Records from a data source:
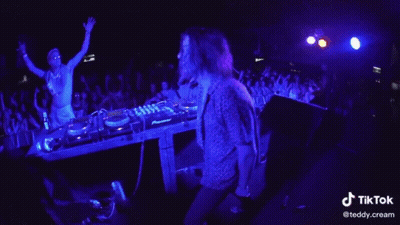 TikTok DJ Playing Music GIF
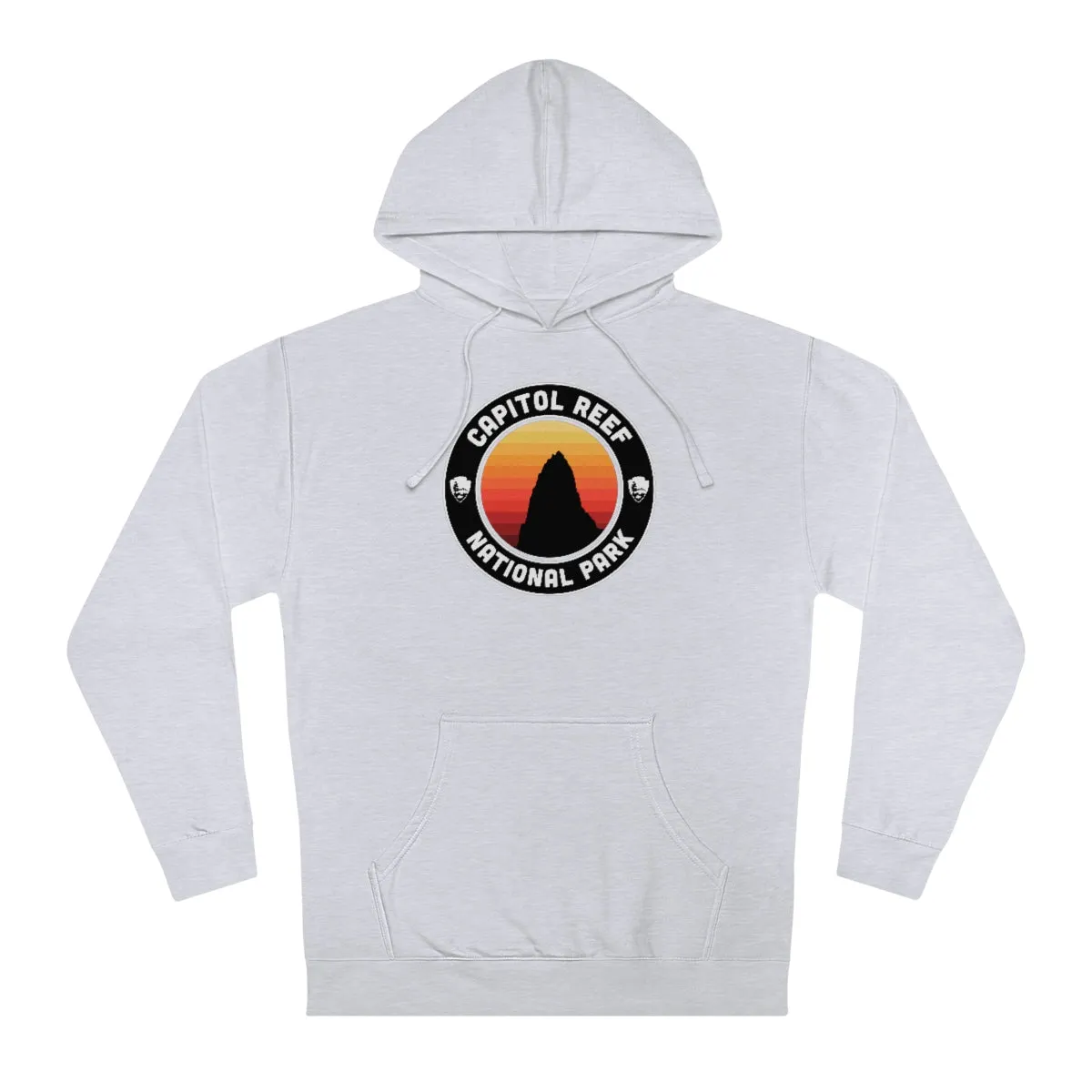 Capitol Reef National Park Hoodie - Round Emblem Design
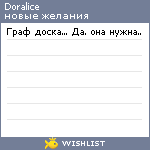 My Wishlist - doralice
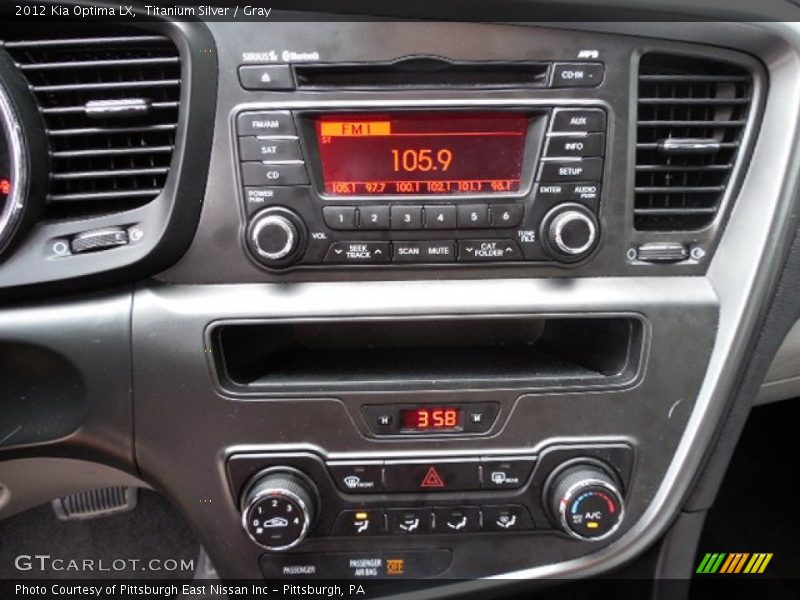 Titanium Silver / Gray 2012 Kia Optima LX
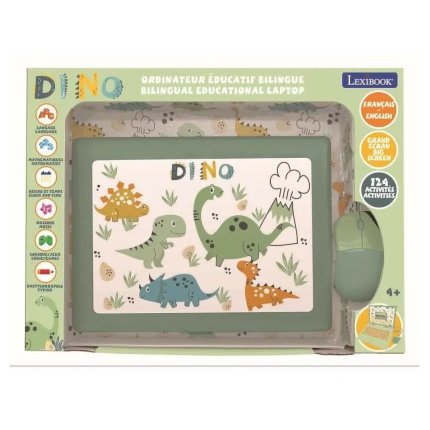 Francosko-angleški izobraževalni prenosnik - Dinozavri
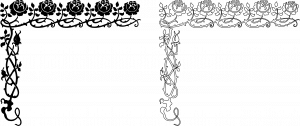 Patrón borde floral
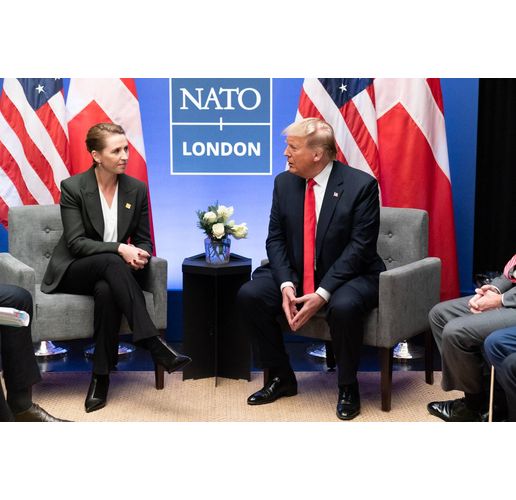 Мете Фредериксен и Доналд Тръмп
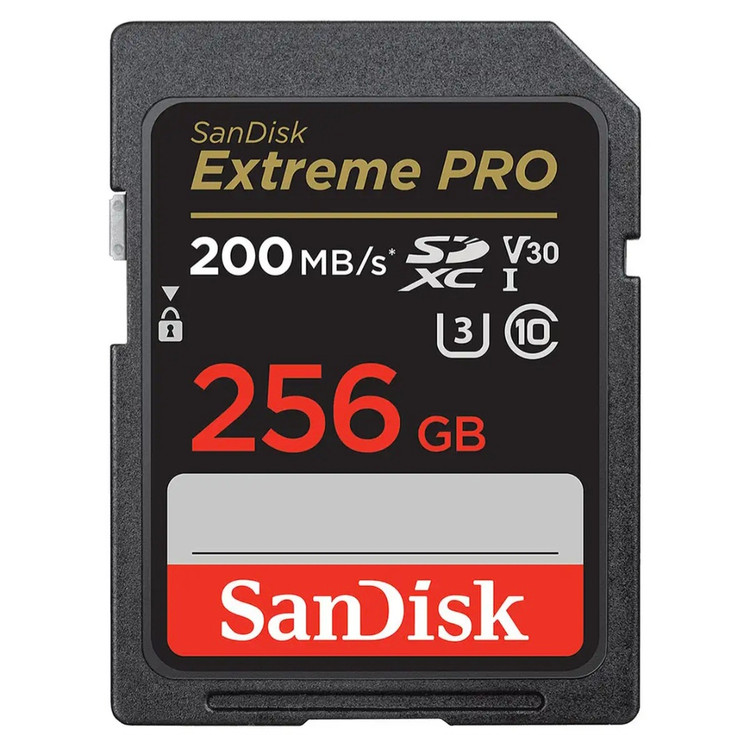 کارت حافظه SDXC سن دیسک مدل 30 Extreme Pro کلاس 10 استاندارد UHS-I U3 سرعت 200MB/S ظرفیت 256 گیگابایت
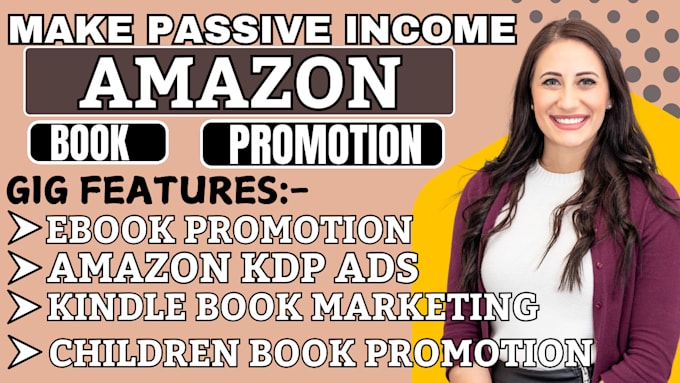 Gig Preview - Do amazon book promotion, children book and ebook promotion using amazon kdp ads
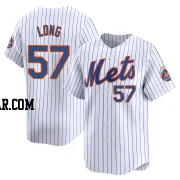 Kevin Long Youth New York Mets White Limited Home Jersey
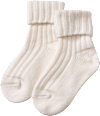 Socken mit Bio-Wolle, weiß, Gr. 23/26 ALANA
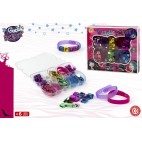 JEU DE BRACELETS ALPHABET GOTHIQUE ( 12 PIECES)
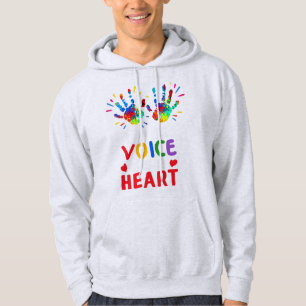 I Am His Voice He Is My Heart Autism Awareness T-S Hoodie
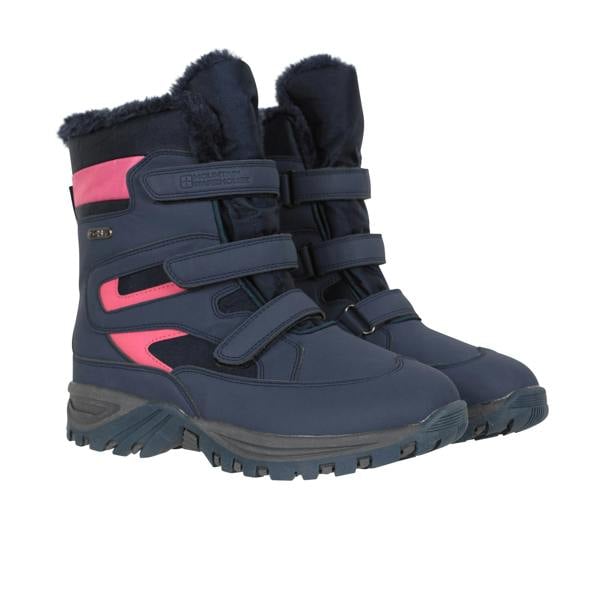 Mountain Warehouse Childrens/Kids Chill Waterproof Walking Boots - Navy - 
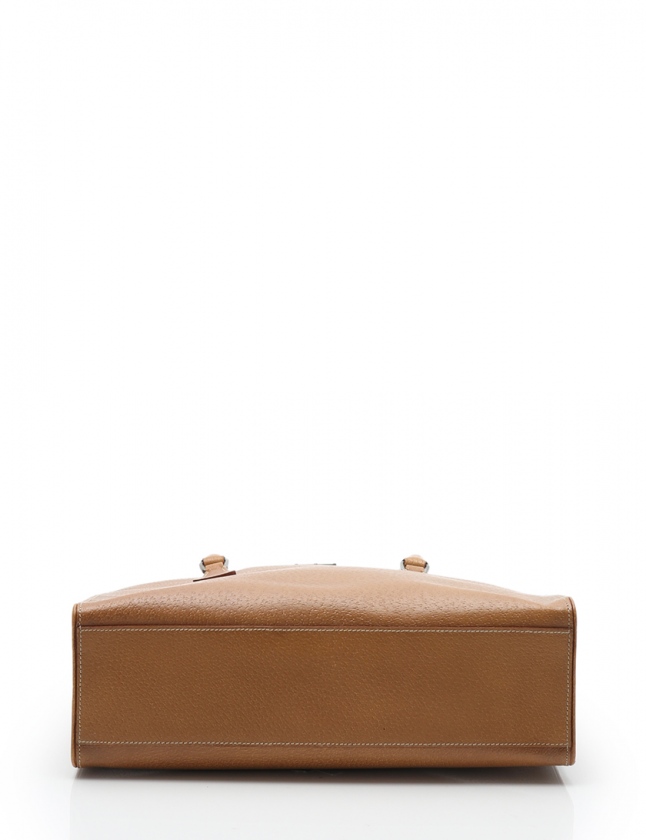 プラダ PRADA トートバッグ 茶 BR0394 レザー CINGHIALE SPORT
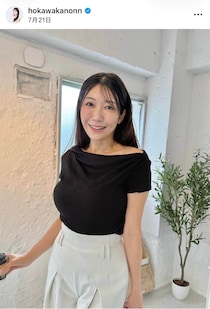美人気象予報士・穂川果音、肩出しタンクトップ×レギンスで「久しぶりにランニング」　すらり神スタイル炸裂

WHAT YOU ARE ASKED TO DO>
Retype all entries exactly as they appear, dropping the images.

ANSWER TO THIS EXERCISE>
 TikTok DJ Playing Music GIF
 Capitol Reef National Park Hoodie - Round Emblem Design
 My Wishlist - doralice
 Titanium Silver / Gray 2012 Kia Optima LX
 Francosko-angleški izobraževalni prenosnik - Dinozavri
 Patrón borde floral
 Мете Фредериксен и Доналд Тръмп
 کارت حافظه SDXC سن دیسک مدل 30 Extreme Pro کلاس 10 استاندارد UHS-I U3 سرعت 200MB/S ظرفیت 256 گیگابایت
 Gig Preview - Do amazon book promotion, children book and ebook promotion using amazon kdp ads
 Kevin Long Youth New York Mets White Limited Home Jersey
 Socken mit Bio-Wolle, weiß, Gr. 23/26 ALANA
 JEU DE BRACELETS ALPHABET GOTHIQUE ( 12 PIECES)
 I Am His Voice He Is My Heart Autism Awareness T-S Hoodie
 Mountain Warehouse Childrens/Kids Chill Waterproof Walking Boots - Navy - 
 プラダ PRADA トートバッグ 茶 BR0394 レザー CINGHIALE SPORT
美人気象予報士・穂川果音、肩出しタンクトップ×レギンスで「久しぶりにランニング」　すらり神スタイル炸裂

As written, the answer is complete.